Babies

Fetuses can learn nursery rhymes from mom's voice, study finds

July 23, 2014 at 6:49 AM ET

Even before they are born, babies are learning from experience, especially if it’s directly related to their moms, new research is shows.

Video: Researchers found that babies in utero start responding to the rhythm of nursery rhymes and show evidence of learning by 34 weeks into pregnancy.

For example, while in the womb babies can learn to recognize a nursery rhyme if the mom repeats the verses between weeks 28 and 34, according a study published in Infant Behavior and Development.

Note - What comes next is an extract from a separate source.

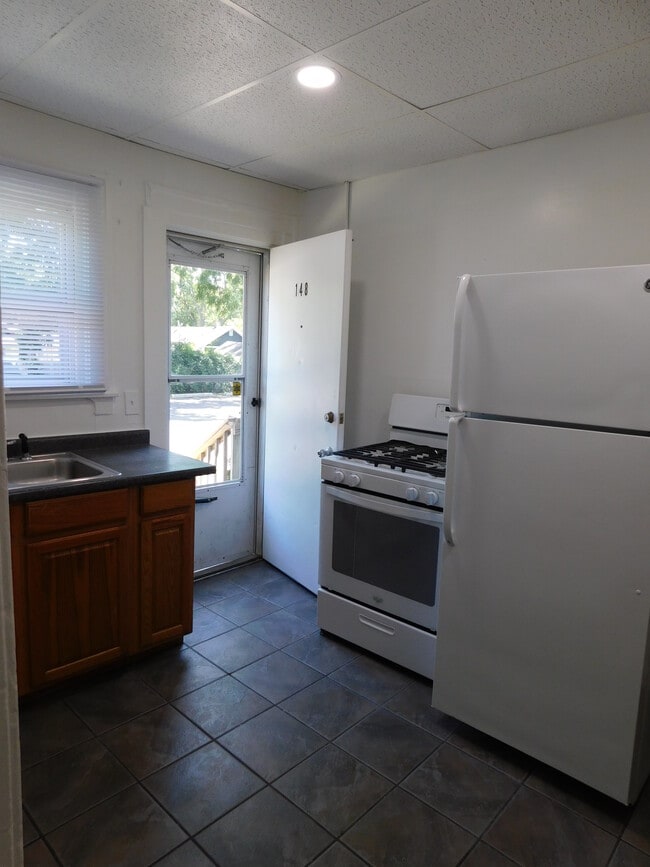 Photo - 148 Pingree Ave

To take a closer look at what age fetuses are likely to absorb and hang on to new information, researchers from the University of Florida rounded up 32 women who were in their 28th week of pregnancy. The women were asked to recite a nursery rhyme to the babies in their bellies twice a day until the 34th week of pregnancy.

Four weeks later, the moms were brought back into the lab to determine whether the rhyme had been learned.

Figuring that out is a bit of a tricky problem. While infants can be plugged into a brain monitor or EEG, there’s no way to record the brain activity of a fetus. But scientists have figured an ingenious way around that problem using a simple fetal heart monitor. As it turns out studies have shown that a late term fetus’s heart rate will slow down when something familiar is heard.

Fetuses can learn things, like nursery rhymes, while still in the womb.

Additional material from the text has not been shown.